Spoileralert: Das Kindergeld deckt diese Summe in Deutschland bei weitem nicht ab (ca. 250 Euro). Das heißt: Ein Kind raubt nicht nur Schlaf und Nerven, sondern auch im Schnitt über 400 Euro im Monat.

In der Praxis oft mehr, weil mindestens ein Elternteil die Arbeitszeit reduziert. "Unser theoretischer Betrag soll dich am Ende aber nicht abschrecken", schreibt Nick abschließend. Er selbst ist Vater.

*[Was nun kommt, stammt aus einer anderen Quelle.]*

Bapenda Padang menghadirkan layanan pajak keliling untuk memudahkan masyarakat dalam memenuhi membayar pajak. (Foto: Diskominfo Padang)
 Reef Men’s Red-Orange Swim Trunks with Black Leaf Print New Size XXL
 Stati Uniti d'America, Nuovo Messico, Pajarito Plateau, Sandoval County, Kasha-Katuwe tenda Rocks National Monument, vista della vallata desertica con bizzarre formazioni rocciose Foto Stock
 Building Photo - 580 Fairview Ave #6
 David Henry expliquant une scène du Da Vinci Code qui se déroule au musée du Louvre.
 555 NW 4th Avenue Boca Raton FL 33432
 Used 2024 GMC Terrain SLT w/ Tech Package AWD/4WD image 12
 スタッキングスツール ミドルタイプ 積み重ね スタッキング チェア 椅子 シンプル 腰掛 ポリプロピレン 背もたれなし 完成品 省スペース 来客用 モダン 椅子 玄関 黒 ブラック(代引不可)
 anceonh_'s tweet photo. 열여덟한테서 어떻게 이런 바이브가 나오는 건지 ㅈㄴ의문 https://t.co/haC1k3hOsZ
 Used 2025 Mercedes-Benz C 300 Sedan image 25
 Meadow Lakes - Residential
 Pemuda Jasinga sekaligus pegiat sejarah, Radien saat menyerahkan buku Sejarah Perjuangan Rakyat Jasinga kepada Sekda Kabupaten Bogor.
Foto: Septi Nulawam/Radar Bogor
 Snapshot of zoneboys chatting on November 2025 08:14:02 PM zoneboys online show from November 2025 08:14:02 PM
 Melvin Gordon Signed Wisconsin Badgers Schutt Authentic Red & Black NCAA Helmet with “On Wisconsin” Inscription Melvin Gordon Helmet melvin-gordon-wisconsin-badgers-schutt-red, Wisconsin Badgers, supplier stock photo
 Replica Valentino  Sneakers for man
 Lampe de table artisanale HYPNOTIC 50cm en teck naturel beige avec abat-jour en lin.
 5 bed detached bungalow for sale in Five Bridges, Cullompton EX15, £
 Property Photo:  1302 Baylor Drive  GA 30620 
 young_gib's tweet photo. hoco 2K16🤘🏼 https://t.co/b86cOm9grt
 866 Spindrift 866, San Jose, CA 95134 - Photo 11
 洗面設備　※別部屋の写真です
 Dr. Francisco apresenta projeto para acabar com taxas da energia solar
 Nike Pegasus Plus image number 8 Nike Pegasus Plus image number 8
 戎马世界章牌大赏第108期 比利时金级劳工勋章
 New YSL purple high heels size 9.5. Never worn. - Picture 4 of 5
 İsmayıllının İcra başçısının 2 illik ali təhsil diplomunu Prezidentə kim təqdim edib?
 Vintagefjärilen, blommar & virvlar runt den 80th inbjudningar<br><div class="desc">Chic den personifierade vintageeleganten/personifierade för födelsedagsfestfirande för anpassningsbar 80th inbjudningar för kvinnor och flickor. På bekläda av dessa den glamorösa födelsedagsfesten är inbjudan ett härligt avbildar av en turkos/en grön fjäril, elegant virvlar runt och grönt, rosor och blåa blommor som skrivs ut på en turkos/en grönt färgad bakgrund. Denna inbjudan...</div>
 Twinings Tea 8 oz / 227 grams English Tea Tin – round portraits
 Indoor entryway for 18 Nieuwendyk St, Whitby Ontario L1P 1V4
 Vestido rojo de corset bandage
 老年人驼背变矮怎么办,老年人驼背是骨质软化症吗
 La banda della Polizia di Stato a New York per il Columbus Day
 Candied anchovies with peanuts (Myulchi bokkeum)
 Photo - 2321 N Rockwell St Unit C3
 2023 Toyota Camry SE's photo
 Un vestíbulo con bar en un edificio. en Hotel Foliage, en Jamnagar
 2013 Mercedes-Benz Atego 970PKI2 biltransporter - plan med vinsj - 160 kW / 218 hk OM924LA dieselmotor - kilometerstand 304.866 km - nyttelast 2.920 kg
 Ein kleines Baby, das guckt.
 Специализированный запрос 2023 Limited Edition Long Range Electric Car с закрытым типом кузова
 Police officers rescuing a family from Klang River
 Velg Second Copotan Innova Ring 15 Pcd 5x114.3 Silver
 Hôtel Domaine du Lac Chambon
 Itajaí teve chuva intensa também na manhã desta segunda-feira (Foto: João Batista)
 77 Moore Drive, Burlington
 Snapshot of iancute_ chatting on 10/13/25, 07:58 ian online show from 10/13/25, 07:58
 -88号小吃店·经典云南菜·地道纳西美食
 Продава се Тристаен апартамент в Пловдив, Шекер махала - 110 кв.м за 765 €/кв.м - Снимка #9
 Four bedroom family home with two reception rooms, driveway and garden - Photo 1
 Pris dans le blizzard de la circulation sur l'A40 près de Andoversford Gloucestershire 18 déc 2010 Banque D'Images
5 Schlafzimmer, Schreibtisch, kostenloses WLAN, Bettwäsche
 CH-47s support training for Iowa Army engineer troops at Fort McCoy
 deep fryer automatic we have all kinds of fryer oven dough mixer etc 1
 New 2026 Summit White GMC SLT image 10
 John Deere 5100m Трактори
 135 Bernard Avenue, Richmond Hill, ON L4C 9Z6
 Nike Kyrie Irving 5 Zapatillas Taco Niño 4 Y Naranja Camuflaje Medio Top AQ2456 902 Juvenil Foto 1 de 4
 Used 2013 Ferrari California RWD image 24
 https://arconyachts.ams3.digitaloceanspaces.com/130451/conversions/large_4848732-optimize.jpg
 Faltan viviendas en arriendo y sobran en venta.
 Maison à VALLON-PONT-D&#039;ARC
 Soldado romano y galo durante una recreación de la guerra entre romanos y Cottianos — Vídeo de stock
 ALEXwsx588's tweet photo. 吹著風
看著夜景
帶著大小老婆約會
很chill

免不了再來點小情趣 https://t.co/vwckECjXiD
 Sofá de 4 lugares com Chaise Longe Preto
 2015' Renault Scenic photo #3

Auch Nick hat eines bei der Recherche zum Buch tatsächlich überrascht, wie er uns berichtet, nämlich die Einsparungen durch eine Fotovoltaikanlage.

Nick Klupak
Bild: mvg Verlag

"Ich habe erwartet, dass sich eine Installierung grundsätzlich immer lohnt", gibt er zu und sei dann doch verblüfft gewesen, "als wir anhand von zwei Familienmodellen festgestellt haben, dass die Rendite nicht immer groß genug ist, um eine Investition zu rechtfertigen."

Das ist das Fatale an der Mathematik. Manchmal sagt sie einem auch Wahrheiten, die man vielleicht gar nicht hören wollte.